Following is the date-time
section of the ABNF
(link). Look it over to get just a basic idea of how it
parses the dates shown above:
;; Date and Time (as defined in RFC 3339)
date-time = offset-date-time / local-date-time / local-date / local-time
date-fullyear = 4DIGIT
date-month = 2DIGIT ; 01-12
date-mday = 2DIGIT ; 01-28, 01-29, 01-30, 01-31 based on month/year
time-delim = "T" / %x20 ; T, t, or space
time-hour = 2DIGIT ; 00-23
time-minute = 2DIGIT ; 00-59
time-second = 2DIGIT ; 00-58, 00-59, 00-60 based on leap second rules
time-secfrac = "." 1*DIGIT
time-numoffset = ( "+" / "-" ) time-hour ":" time-minute
time-offset = "Z" / time-numoffset
partial-time = time-hour ":" time-minute ":" time-second [ time-secfrac ]

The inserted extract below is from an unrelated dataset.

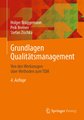 [Bundle] Grundlagen Qualitätsmanagement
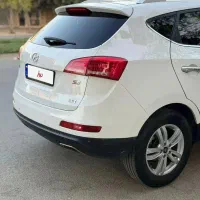 جک S5مدل ۹۴ دنده ای درجه یک|خودرو سواری و وانت|بوکان, |دیوار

full-date = date-fullyear "-" date-month "-" date-mday
full-time = partial-time time-offset
;; Offset Date-Time
offset-date-time = full-date time-delim full-time
;; Local Date-Time
local-date-time = full-date time-delim partial-time
;; Local Date
local-date = full-date
;; Local Time
local-time = partial-time
There's quite a bit going on here, so we will take it piece by piece.
First let's some of the differences between ABNF and PEG.

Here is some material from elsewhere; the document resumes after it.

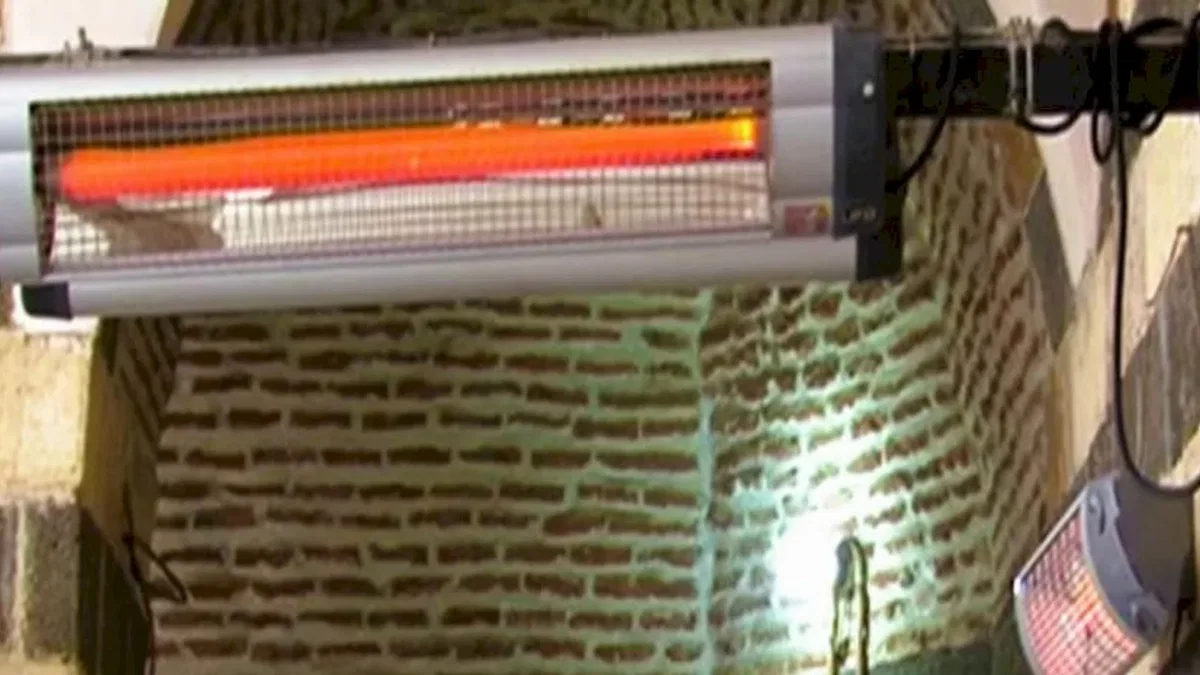 Isınmada kaçak elektrik kullanımı enerji arzını tehlikeye atıyor!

- literals in ABNF are case-insensitive; for case-sensitive matches, the character escape is used
- ABNF allows for bounded repetition, such as
4DIGIT
which means theDIGIT
pattern is repeated 4 times, or1*DIGIT
which means thatDIGIT
repeats one or more times - while ultimately it depends on the parsing algorithm, alternations in ABNF are ambiguous, whereas PEG's are prioritized
- optionality uses
[ ... ]
in ABNF versus( ... )?
in PEG - rule operators are
=
versus<-
- comments begin with
;
versus#
- ABNF allows hyphens in names while PEG does not
- ABNF has some built-in terms, like
DIGIT
, which we will define ourselves
This list will be sufficient for our purposes.
Now we will build a parser that only recognizes valid dates and times. In the next section we add semantic actions to transform the parses into interpreted values.
First import pe:
>>> import pe
To help with testing our patterns, let's define a function that sets a start symbol and matches a grammar against some inputs. It will show us if an input matched the grammar and, if so, what part of the input matched.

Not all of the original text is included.